* Your task
The expected result is the run of lines from the one containing "plasterboard sheets stacked" to the end of the listing, copied exactly.
### Provided material ###
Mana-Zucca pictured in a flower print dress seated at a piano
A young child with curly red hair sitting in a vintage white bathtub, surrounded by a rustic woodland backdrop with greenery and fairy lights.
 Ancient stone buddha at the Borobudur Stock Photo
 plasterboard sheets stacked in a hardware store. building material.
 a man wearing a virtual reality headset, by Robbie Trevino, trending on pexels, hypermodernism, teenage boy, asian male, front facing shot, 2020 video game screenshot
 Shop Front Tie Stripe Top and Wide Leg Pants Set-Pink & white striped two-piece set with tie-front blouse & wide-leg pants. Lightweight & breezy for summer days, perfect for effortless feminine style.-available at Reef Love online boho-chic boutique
###
* Solution for this exercise
 plasterboard sheets stacked in a hardware store. building material.
 a man wearing a virtual reality headset, by Robbie Trevino, trending on pexels, hypermodernism, teenage boy, asian male, front facing shot, 2020 video game screenshot
 Shop Front Tie Stripe Top and Wide Leg Pants Set-Pink & white striped two-piece set with tie-front blouse & wide-leg pants. Lightweight & breezy for summer days, perfect for effortless feminine style.-available at Reef Love online boho-chic boutique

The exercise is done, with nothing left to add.